Thursday, November 30, 2006


We know where the movie is going before the victims do.
By ROGER MOORE
ORLANDO SENTINEL
Here's how "Turistas" should have worked. Let's use that classic "Hostel," another slasher picture about tourists hacked up by foreigners who hate Americans, as the model.
A pack of good-looking young Americans (and a couple of Brits) are waylaid in a remote corner of the world. They don't speak the language. And their paranoia rises as they confront what appears to be a conspiracy aimed at picking them off, one by one.
Director John Stockwell, not exactly an old hand at horror ("Crazy/Beautiful," "Blue Crush," "Into the Blue"), tampers with that formula, at his own peril. He starts with a graphic scene of unanesthetized surgery, tipping us to the finale. Ten minutes in, he has the villain "explain" his motivations to his henchmen.
And rather than leaving his victims lost and in the dark, he has one, an Australian beauty (Melissa George) speak Portuguese. So when a Brazilian bus carrying herself and the others (Josh Duhamel of "Las Vegas," Olivia Wilde of "The O.C.," Beau Garrett, Desmond Askew and Max Brown) wrecks in the middle of "paradise," she, at least, can interpret some of what the folks who proceed to trap them are doing.
We know
Even though we know where the movie is going before the victims do, there's still room for suspense as we wait to see who figures it out; who fights back; who survives. But if we've read the credits, we kind of know that, don't we?
The top-billed guy, Alex (Duhamel), is the one with all the foreboding.
"I just keep thinking how far we must be from a hospital," he mutters to his sister (Wilde). Plainly, he's the Homebody American, spooked by the very idea of going out into the world.

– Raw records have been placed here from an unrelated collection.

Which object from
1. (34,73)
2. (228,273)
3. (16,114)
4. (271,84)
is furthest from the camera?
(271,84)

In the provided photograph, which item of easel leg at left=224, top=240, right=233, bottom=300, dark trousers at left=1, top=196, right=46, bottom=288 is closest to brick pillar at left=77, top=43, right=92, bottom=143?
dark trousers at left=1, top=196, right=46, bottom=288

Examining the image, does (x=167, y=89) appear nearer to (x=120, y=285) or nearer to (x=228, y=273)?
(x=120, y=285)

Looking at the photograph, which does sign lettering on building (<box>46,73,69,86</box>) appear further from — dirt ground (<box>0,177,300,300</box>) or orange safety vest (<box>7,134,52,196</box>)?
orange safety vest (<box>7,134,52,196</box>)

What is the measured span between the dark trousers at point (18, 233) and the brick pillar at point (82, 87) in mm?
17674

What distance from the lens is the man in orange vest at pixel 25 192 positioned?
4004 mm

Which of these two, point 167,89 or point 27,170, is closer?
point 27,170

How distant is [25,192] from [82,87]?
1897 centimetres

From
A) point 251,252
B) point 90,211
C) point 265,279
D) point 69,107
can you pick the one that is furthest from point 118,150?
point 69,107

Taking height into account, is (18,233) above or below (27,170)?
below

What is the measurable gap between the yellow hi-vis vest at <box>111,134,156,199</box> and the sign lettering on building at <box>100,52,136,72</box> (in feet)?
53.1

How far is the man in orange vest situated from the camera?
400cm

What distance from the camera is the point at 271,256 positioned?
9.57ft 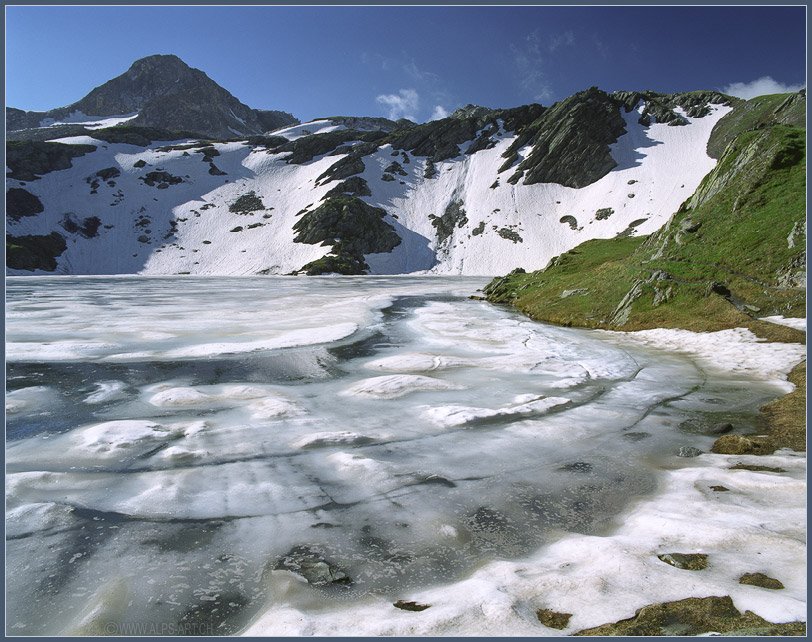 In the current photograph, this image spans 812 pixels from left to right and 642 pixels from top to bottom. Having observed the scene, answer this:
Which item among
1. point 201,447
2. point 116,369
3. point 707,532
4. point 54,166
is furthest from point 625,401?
point 54,166

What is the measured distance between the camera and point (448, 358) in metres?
17.5

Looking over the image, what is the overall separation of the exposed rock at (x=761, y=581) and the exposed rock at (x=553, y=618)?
2.03 m

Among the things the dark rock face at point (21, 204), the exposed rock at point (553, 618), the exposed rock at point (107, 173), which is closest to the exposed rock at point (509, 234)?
the exposed rock at point (553, 618)

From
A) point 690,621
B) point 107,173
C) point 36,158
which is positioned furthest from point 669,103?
point 36,158

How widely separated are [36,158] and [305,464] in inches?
7408

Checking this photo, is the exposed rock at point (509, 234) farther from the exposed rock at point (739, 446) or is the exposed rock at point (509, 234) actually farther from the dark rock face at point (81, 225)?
the dark rock face at point (81, 225)

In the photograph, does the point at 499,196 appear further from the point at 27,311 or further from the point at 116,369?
the point at 116,369

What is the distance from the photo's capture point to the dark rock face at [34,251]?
4349 inches

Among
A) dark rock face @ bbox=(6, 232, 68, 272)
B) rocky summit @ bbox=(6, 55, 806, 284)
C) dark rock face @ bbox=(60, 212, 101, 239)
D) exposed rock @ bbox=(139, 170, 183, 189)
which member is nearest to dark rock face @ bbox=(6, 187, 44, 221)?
rocky summit @ bbox=(6, 55, 806, 284)

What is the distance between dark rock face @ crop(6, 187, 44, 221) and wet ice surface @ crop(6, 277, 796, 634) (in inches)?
5709

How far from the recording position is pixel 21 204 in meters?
128

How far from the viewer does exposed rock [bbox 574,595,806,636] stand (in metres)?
4.03

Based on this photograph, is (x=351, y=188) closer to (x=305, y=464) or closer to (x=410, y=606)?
(x=305, y=464)

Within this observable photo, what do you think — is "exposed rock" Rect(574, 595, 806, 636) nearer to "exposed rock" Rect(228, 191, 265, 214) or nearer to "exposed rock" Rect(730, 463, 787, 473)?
"exposed rock" Rect(730, 463, 787, 473) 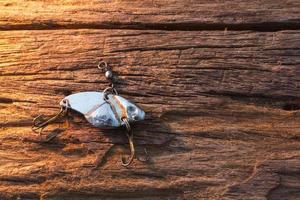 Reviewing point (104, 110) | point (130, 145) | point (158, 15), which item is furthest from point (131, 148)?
point (158, 15)

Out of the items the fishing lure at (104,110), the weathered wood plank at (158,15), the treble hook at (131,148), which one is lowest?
the treble hook at (131,148)

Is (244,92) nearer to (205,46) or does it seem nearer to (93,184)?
(205,46)

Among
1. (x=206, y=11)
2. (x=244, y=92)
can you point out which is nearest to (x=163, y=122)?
(x=244, y=92)

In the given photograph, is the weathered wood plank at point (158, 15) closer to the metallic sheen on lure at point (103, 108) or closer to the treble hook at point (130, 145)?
the metallic sheen on lure at point (103, 108)

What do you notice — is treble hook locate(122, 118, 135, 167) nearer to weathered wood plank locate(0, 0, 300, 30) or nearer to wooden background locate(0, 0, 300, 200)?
wooden background locate(0, 0, 300, 200)

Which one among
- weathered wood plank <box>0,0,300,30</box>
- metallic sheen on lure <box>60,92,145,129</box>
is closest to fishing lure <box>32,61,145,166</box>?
metallic sheen on lure <box>60,92,145,129</box>

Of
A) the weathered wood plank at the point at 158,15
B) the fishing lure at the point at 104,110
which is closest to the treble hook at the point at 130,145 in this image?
the fishing lure at the point at 104,110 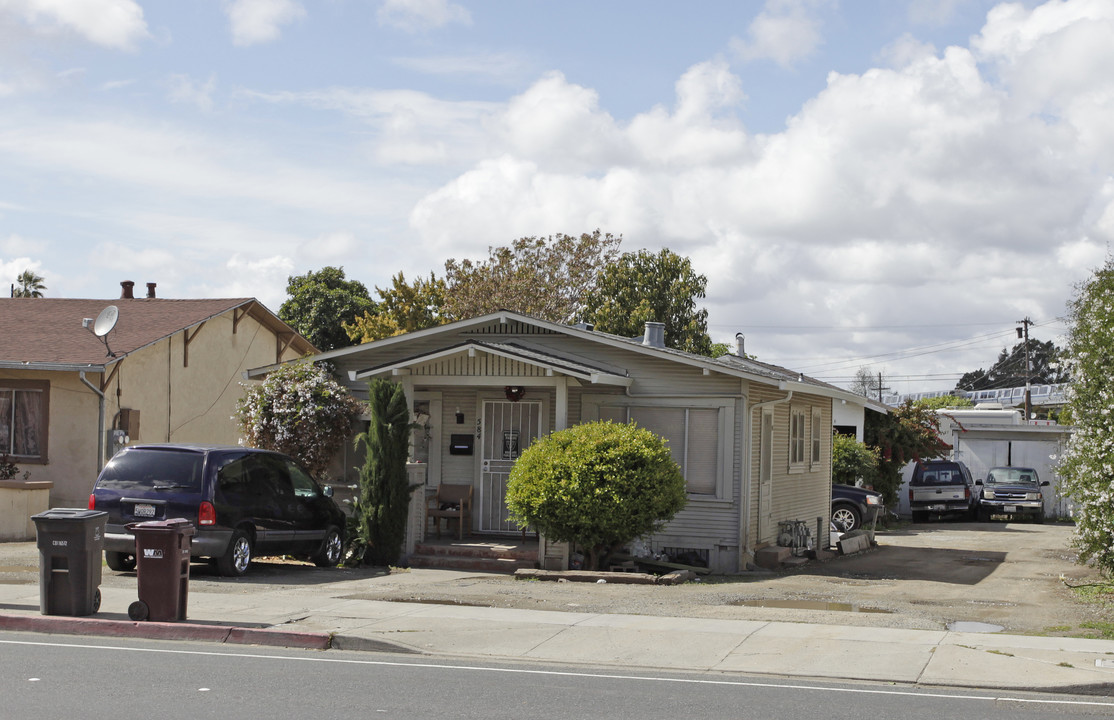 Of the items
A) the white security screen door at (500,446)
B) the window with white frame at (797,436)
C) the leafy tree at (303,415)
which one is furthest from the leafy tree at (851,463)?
the leafy tree at (303,415)

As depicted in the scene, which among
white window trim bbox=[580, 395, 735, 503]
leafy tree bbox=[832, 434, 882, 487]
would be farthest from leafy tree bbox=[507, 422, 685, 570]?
leafy tree bbox=[832, 434, 882, 487]

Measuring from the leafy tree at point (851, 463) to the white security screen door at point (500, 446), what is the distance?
12901 millimetres

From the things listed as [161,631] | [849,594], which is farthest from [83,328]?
[849,594]

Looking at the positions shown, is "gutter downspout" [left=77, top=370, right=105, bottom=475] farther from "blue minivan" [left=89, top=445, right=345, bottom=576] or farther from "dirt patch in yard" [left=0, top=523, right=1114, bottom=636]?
"blue minivan" [left=89, top=445, right=345, bottom=576]

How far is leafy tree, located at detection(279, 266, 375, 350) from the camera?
48.9 metres

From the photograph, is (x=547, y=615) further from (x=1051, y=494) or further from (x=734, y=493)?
(x=1051, y=494)

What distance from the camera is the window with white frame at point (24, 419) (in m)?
21.0

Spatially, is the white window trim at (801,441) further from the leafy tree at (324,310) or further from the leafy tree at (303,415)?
the leafy tree at (324,310)

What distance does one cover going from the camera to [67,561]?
11016 mm

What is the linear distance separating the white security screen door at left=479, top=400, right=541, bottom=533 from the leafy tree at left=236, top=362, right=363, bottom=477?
6.88 feet

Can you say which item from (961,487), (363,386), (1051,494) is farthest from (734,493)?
(1051,494)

Then a local bus driver puts them into the bind that Alex seemed to expect all along, and bad things start happening to undeserving people. A beach party/orgy turns ugly when they're drugged and robbed. There's no local help, no cash, no clothes, no passports. When they start accusing townsfolk, things turn uglier. Our heroes can't even guess just how ugly.
Gross violence
"Turistas" is all about the ick factor, the grossness of the violence to their bodies. And will the villain repeat his speech, in English, telling them why they deserve their fate?
Just how xenophobic and anti-Brazilian will Stockwell allow this movie to get?
But as easy as it is to connect with those feelings of being alone and unsafe in some remote corner of the world, Stockwell (working from a script by Michael Arlen Ross) fritters away that universal paranoia at the very beginning. This one is just too obvious, almost from the title.